The Health and Human Services Agency is budgeted for an extra $88 million — with more than half going to a planned expansion of contracted community services and the rest for hiring 240 employees.
“We’re enhancing support for individuals with mental illness and looking to provide stability for the homeless mentally ill,” Robbins-Meyer said. “We’re increasing services for veterans and we’re adding diversion programs to reduce the number of young people involved with the juvenile justice system and helping victims of human trafficking.”
The budget blueprint includes spending boosts for most areas of county government to cover pay raises, higher retirement costs and additional staffing. The county expects to boost employment to a total of 17,378 employees.
“It’s really impressive to see the additional personnel that are coming in, particularly in the Health and Human Services Agency to further bolster a lot of the programs and services we run,” Supervisor Greg Cox said.

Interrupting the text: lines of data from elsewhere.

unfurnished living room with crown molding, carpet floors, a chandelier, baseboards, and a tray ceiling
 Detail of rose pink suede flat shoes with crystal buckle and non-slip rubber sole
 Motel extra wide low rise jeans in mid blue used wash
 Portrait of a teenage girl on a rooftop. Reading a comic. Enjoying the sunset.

Spending on capital projects is set to drop by nearly half, or $67.5 million. County spending on infrastructure construction varies widely from year- to-year, depending on where various projects are in the pipeline.
“I want to thank the staff for the great job,” Supervisor Dave Roberts said. “I know how much work putting a budget together is and trying to have competing priorities with scarce resources.”
The county uses a two-year budgeting procedure for its operational plan. Staff recommended a $5 billion spending plan for the 2017-18 fiscal year.
Public hearings on the spending plan are scheduled to begin June 13, with final budget deliberations by the board set for June 28.